===== RECORDED DATA

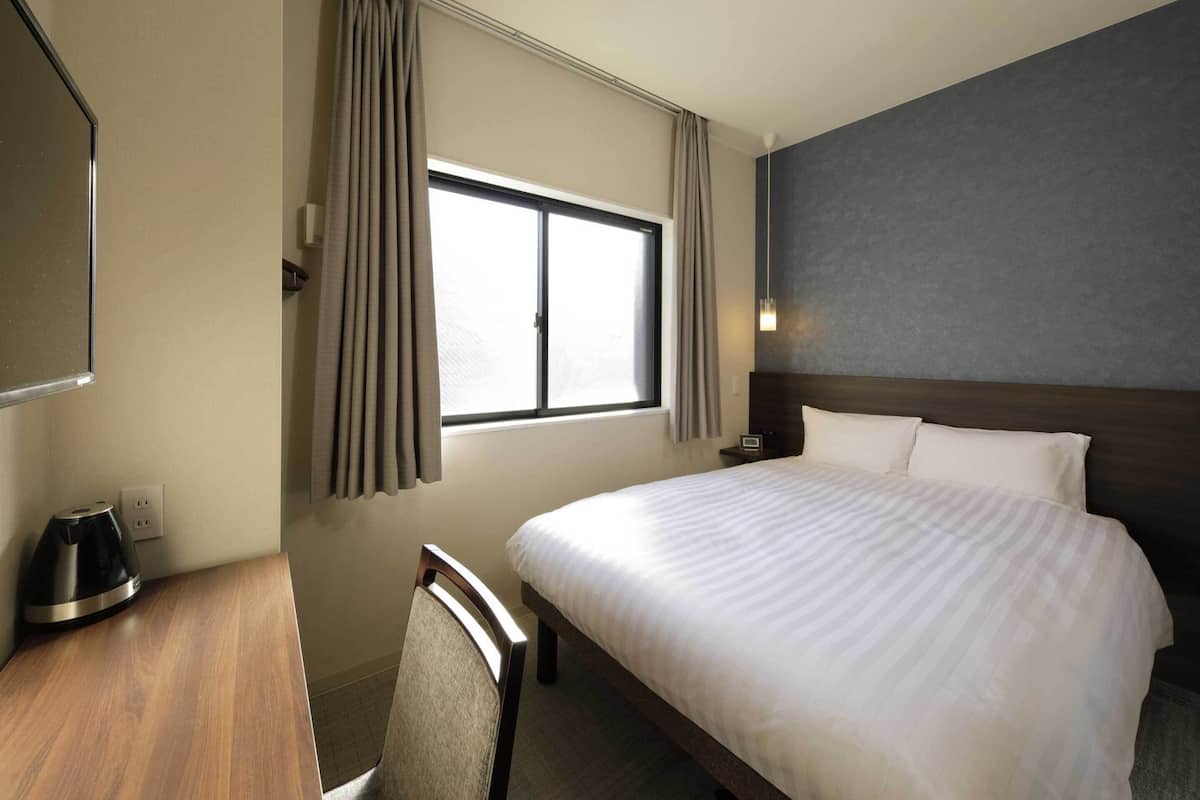 A hotel room with a large bed, a desk with a kettle, a chair, a window with curtains, and a wall-mounted light fixture.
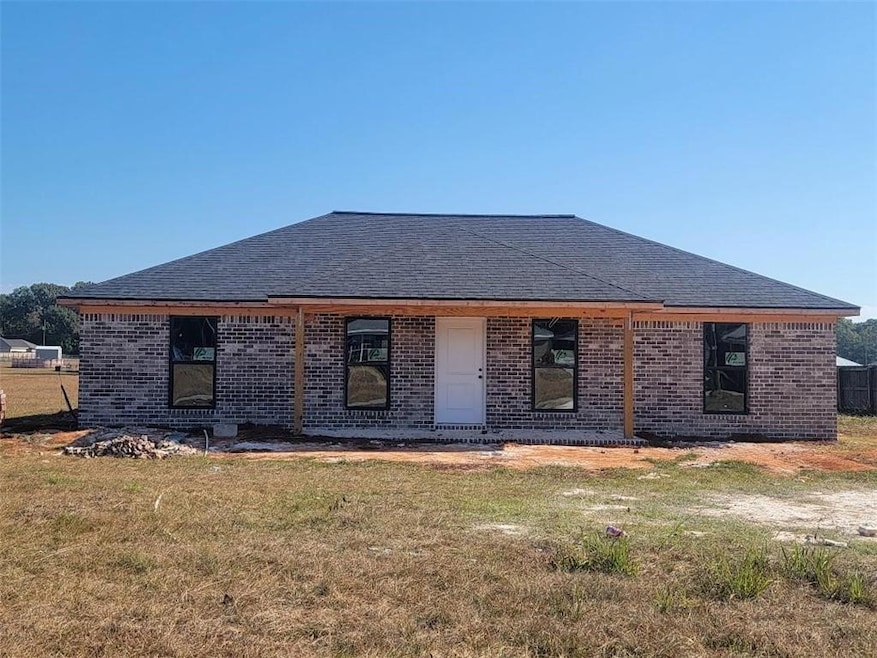 View of front of home featuring brick siding, a front yard, and roof with shingles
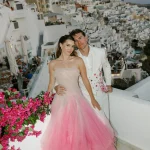 De bruiloft van Madeleine White en Andrew Fedyk op Santorini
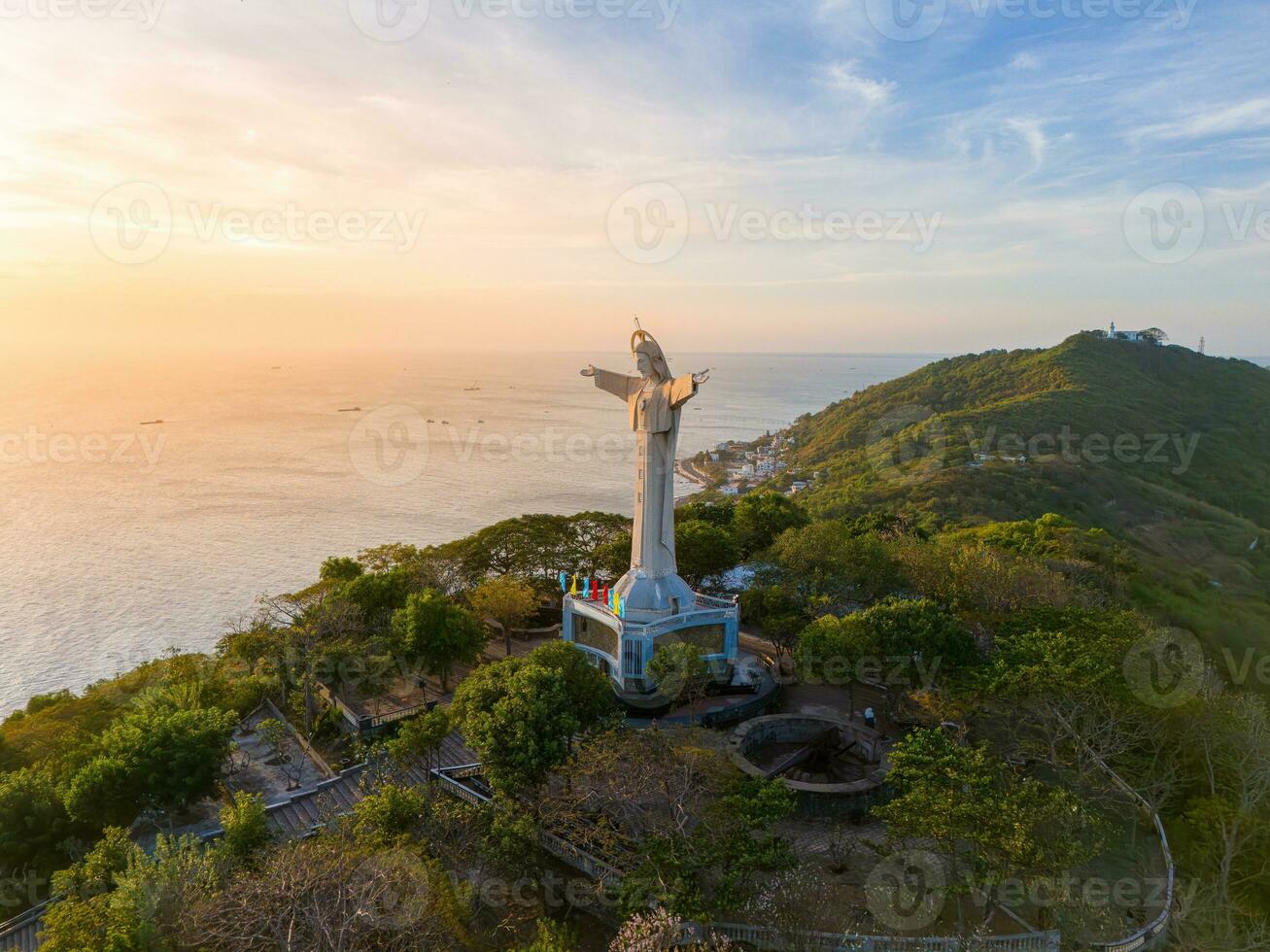 Aerial view of Vung Tau city, Vietnam, panoramic view of the peaceful and beautiful coastal city behind the statue of Christ the King standing on Mount Nho in Vung Tau city. photo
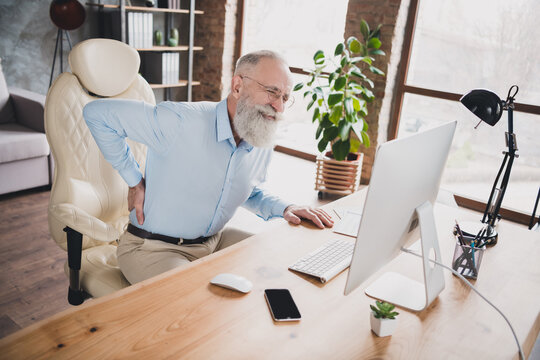 Portrait Of Attractive Overworked Tired Sick Man Feeling Bad Touching Back Health Care At Brick Loft Industrial Office Indoor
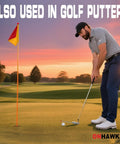 Golfer using putter on a green during sunset with a flagstick nearby, showcasing versatility of Magnetic Golf Alignment Rods With Telescopic Sticks.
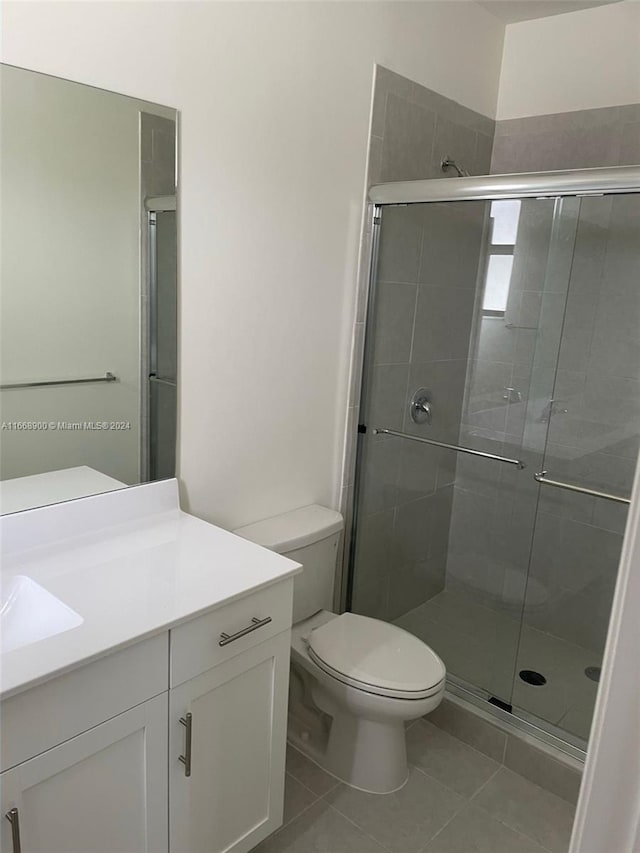 bathroom with tile patterned floors, walk in shower, vanity, and toilet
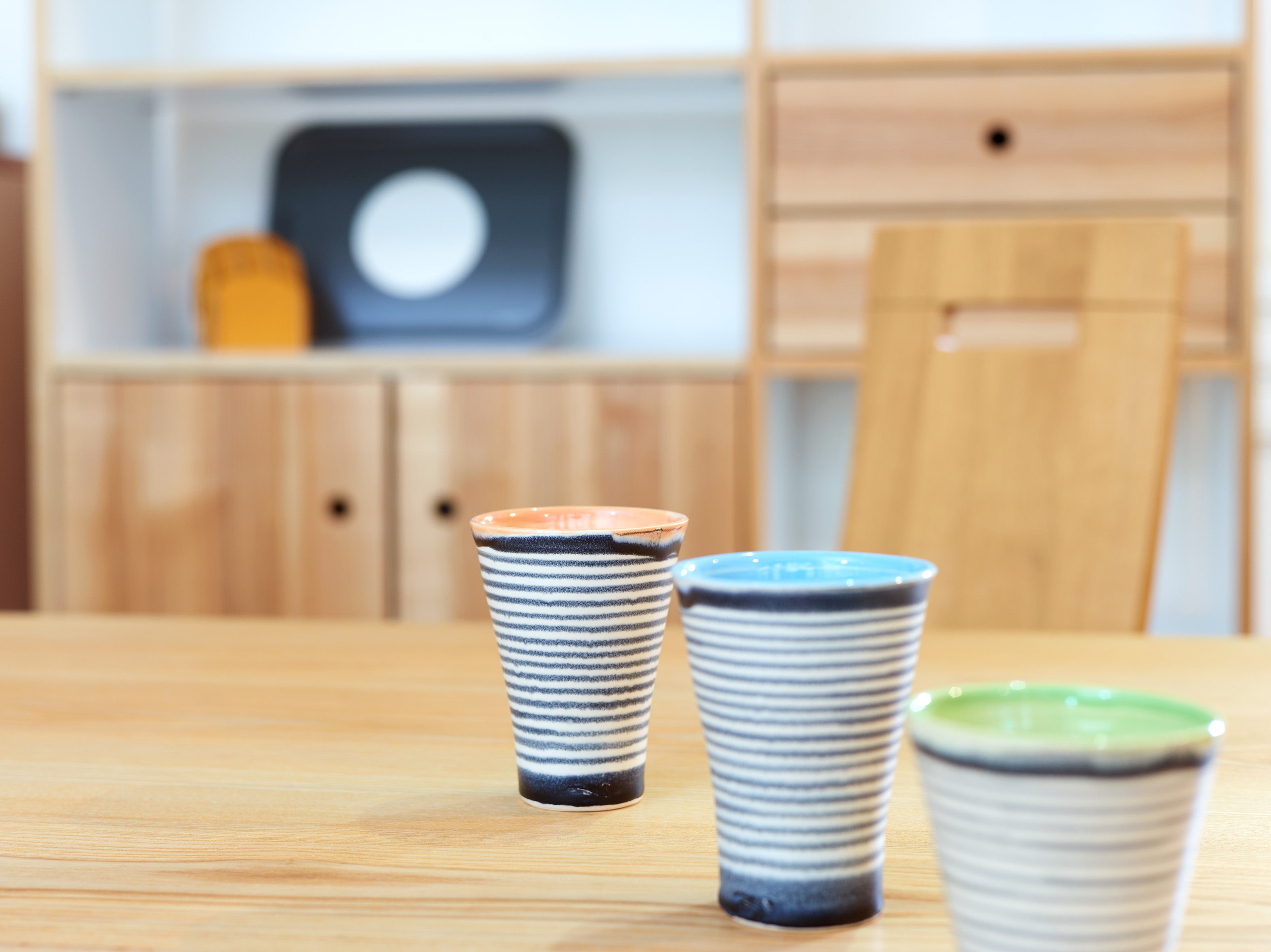 Drei Keramikbecher gestreift von Susanne Protzmann, dünne Keramik mit bunten Rändern (orange, blau und grün), stehen auf einem Holztisch. Im Hintergrund ist ein Holzregal zu sehen, das mit verschiedenen Objekten geschmückt ist, darunter ein schwarzes Tablett und ein kleiner orangefarbener Gegenstand.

==========

**WHAT THE TASK ASKS**
The range to print runs from the line with "Aerial view of" through the last line of the entries, both included; keep it exact and skip the pictures.

**SOLVED PROBLEM**
 Aerial view of Vung Tau city, Vietnam, panoramic view of the peaceful and beautiful coastal city behind the statue of Christ the King standing on Mount Nho in Vung Tau city. photo
 Portrait Of Attractive Overworked Tired Sick Man Feeling Bad Touching Back Health Care At Brick Loft Industrial Office Indoor
 Golfer using putter on a green during sunset with a flagstick nearby, showcasing versatility of Magnetic Golf Alignment Rods With Telescopic Sticks.
 bathroom with tile patterned floors, walk in shower, vanity, and toilet
 Drei Keramikbecher gestreift von Susanne Protzmann, dünne Keramik mit bunten Rändern (orange, blau und grün), stehen auf einem Holztisch. Im Hintergrund ist ein Holzregal zu sehen, das mit verschiedenen Objekten geschmückt ist, darunter ein schwarzes Tablett und ein kleiner orangefarbener Gegenstand.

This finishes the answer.